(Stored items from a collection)
+++
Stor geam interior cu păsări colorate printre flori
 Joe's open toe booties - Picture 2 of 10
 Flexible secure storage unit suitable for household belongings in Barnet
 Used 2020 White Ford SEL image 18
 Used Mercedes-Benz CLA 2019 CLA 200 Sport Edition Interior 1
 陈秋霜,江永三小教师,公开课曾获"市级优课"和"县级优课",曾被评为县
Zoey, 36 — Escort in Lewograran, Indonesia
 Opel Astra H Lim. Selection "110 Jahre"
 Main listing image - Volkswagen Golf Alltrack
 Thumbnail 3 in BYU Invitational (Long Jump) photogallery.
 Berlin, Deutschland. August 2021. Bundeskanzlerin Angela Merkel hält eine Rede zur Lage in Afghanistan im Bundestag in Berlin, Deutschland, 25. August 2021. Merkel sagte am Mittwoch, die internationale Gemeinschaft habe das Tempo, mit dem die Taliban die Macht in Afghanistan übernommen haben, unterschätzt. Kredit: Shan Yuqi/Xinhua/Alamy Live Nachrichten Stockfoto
+++
■ Work request
Only one stretch of the data above is needed. Restate it word for word, from the line containing "Flexible secure storage" through the line containing "Thumbnail 3 in", both ends included.

■ Solution for this task
 Flexible secure storage unit suitable for household belongings in Barnet
 Used 2020 White Ford SEL image 18
 Used Mercedes-Benz CLA 2019 CLA 200 Sport Edition Interior 1
 陈秋霜,江永三小教师,公开课曾获"市级优课"和"县级优课",曾被评为县
Zoey, 36 — Escort in Lewograran, Indonesia
 Opel Astra H Lim. Selection "110 Jahre"
 Main listing image - Volkswagen Golf Alltrack
 Thumbnail 3 in BYU Invitational (Long Jump) photogallery.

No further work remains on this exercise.